地元と言える場所
「出身どこなの?」と聞かれるといつも返答につまる。
世間話の延長でたいして興味もない事だろうからヘラっと答えられたらいいのだが、わたしには地元と言える場所がわからない。
生まれは外国だけど幼稚園の頃には日本に越してきていたし、両親の出身はそれぞれ違う。
どちらの生まれた地にも住んだことがあるけれど、わりと転々としていたから幼なじみと言えるような人もいないし、20歳を過ぎて一人暮らしを始めるまで地元と言えるほど繋がりの深い土地はなかったように思う。
夜行バスで新宿に降り立った後、中央線で西へと向かった場所。
そこがいまのわたしにとっては唯一地元と言える場所。
住んでいた期間は約7年くらいになるだろうか。
長いのか短いのか、まだ判別はつかないけれどすごくすごく好きな場所であることは間違いない。
たぶん居たら嫌なこととか「んー?」って思うことはたくさんあるだろうし、久々に行ってみて全部が全部最高!と行かない時だってあった。
でも今日はすごくよかった。
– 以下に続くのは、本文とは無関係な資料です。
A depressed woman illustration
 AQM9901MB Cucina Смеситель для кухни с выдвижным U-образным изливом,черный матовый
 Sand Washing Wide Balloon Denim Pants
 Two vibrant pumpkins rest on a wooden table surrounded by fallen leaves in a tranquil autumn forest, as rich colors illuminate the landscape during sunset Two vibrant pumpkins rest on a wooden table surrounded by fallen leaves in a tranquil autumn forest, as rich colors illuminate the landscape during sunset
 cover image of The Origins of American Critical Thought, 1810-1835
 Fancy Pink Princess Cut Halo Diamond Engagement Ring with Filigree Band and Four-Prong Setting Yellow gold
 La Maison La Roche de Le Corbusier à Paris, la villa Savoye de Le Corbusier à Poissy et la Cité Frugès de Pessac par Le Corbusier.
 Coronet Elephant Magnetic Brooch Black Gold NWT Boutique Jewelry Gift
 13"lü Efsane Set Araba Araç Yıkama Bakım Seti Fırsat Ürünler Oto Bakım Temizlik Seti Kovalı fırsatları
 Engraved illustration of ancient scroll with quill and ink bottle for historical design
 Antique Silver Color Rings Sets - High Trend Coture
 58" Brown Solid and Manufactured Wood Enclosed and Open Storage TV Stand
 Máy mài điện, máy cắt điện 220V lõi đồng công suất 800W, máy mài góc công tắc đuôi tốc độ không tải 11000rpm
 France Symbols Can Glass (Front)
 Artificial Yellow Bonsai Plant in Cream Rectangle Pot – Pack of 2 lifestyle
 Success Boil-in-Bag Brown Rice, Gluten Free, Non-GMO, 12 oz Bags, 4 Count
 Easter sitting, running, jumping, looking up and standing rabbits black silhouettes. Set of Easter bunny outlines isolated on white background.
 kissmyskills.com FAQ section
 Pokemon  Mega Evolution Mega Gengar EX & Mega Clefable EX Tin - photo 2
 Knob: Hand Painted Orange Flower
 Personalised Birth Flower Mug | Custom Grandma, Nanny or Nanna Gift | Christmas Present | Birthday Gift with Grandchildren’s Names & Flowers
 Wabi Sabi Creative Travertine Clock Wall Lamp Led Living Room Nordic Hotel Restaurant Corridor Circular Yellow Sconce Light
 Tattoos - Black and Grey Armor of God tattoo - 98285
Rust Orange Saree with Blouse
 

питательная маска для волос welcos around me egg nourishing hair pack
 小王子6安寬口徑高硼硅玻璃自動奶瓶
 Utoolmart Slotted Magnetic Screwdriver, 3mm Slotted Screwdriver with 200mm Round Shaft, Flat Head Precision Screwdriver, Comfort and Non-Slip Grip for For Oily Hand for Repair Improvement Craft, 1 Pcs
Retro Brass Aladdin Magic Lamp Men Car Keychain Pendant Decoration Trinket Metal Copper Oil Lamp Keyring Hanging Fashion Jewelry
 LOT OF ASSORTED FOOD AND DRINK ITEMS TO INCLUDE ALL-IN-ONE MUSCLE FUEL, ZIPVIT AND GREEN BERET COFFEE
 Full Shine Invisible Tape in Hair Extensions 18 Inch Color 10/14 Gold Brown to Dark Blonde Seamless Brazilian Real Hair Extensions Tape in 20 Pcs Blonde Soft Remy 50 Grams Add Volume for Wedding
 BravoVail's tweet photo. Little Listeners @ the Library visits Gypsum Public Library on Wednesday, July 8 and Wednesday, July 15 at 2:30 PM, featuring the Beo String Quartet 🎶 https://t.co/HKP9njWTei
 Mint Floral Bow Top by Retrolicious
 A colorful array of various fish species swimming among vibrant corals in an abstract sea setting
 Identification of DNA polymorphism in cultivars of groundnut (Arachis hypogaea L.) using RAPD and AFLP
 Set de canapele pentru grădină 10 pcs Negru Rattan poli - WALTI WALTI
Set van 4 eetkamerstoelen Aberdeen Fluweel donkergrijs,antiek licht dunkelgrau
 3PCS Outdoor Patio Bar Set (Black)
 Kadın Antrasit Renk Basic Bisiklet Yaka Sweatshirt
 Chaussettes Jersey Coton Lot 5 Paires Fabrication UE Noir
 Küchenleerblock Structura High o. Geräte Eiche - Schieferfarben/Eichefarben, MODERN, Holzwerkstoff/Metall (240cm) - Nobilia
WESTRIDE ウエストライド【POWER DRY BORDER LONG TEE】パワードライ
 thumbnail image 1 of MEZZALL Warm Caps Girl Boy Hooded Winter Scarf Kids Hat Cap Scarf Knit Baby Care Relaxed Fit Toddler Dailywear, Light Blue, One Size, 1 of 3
幸せだった。
住んでいた頃には行けなかったネイルサロン。
Instagramでデザインを見て感動して、ずっと行ってみたかったのだけどどうにもタイミングがあわず、通い始めたのは別のサロンだった。
朝起きてボロボロの爪をみて悲しくなってしまい、ネイルサロン行こうと検索をすると通っていたところは予約が取れず、ダメもとでその行ってみたかったサロンをみるとなんと午後から空きが。
すぐに予約して支度をして出掛けたら見事にマスクを忘れた。
乗換駅でお店に駆け込みマスクを購入してから気を取り直してお店へと向かう。
今の家から電車で行くのは初めてかもしれない。
久々に降りた駅はまた景色が変わっていて、駅前の大通りの店舗も1年半ほどの間にかなり様替わりしていた。
ひとり驚き変わらぬ場所を見つけては懐かしみつつ向かったサロンでは、とても丁寧な仕事と安心感のある雰囲気に触れられ来れてよかったなと思った。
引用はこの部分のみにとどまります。